Requirement →
Print out each entry below in full, exactly as given, excluding pictures.

══════════════════════════════

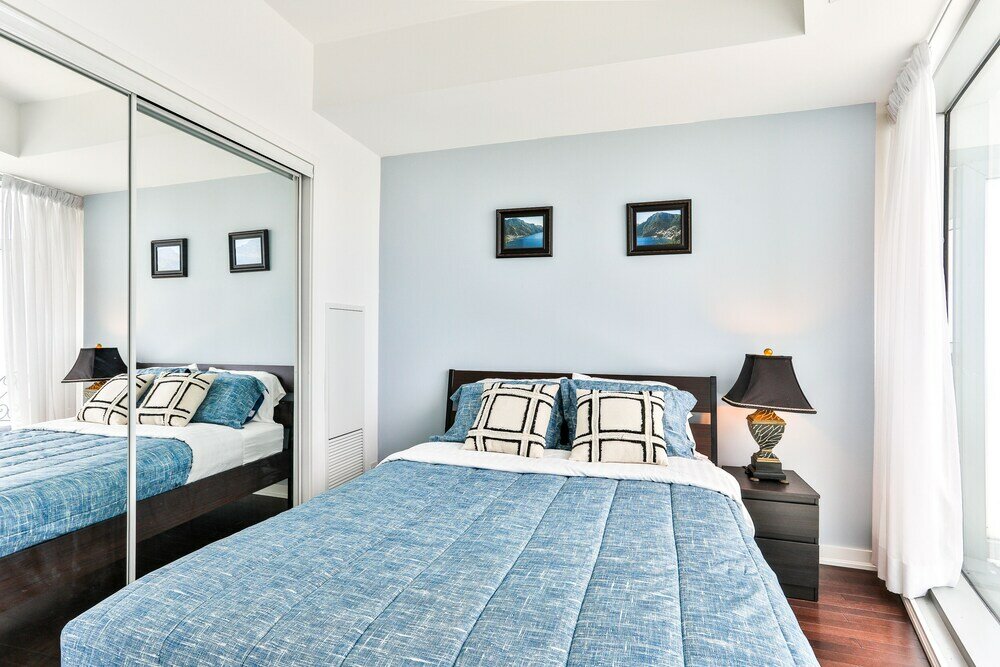 Фото Exquisite 55th Floor 2 Bed 2 Bath Parking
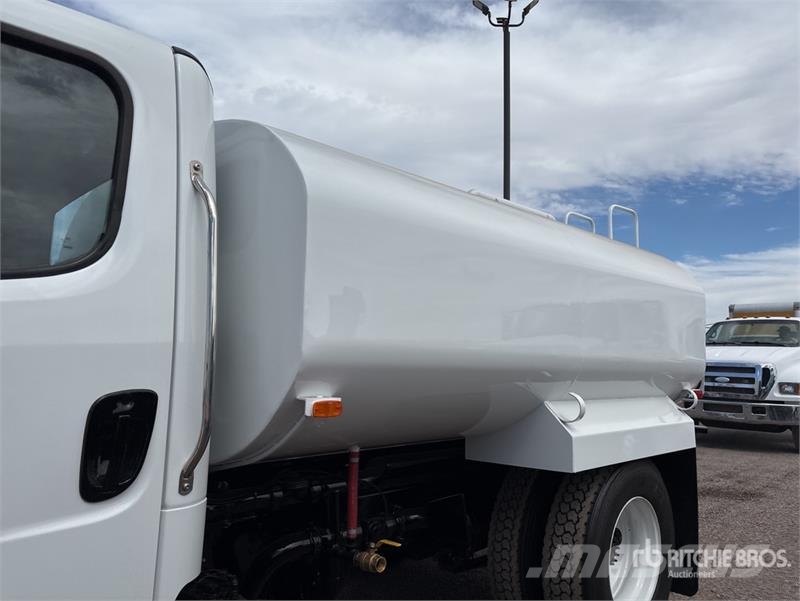 Freightliner M2 106 2000 gal 4x2 Water Truck Water bowser
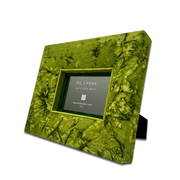 Grüner stoffbezogener Design-Bilderrahmen „Emerald Glow“ mit luxuriöser, schimmernder Textur – handgefertigt in Österreich. Ideal als stilvolle Wohnaccessoire oder Geschenkidee.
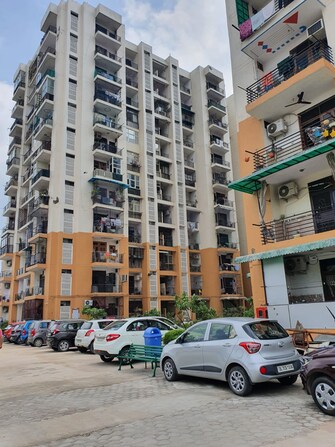 3 BHK Apartment For Resale in Om Apartments Sahibabad Vrindavan Garden Ghaziabad  7532255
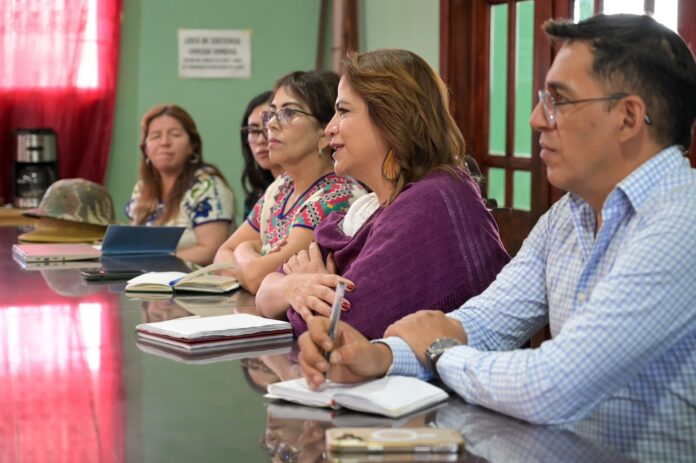 Fabiola Alanís promete apoyo a pueblos originarios desde Nurío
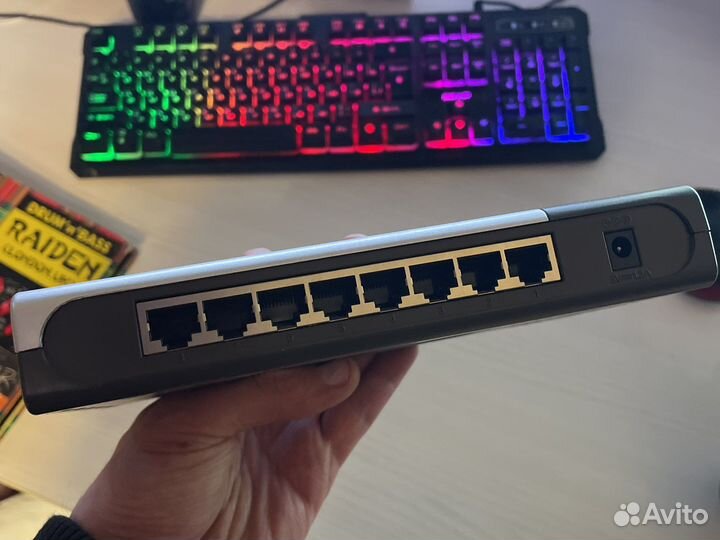 Коммутатор сети D-link des 1008d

══════════════════════════════

Solution to the problem →
 Фото Exquisite 55th Floor 2 Bed 2 Bath Parking
 Freightliner M2 106 2000 gal 4x2 Water Truck Water bowser
 Grüner stoffbezogener Design-Bilderrahmen „Emerald Glow“ mit luxuriöser, schimmernder Textur – handgefertigt in Österreich. Ideal als stilvolle Wohnaccessoire oder Geschenkidee.
 3 BHK Apartment For Resale in Om Apartments Sahibabad Vrindavan Garden Ghaziabad  7532255
 Fabiola Alanís promete apoyo a pueblos originarios desde Nurío
 Коммутатор сети D-link des 1008d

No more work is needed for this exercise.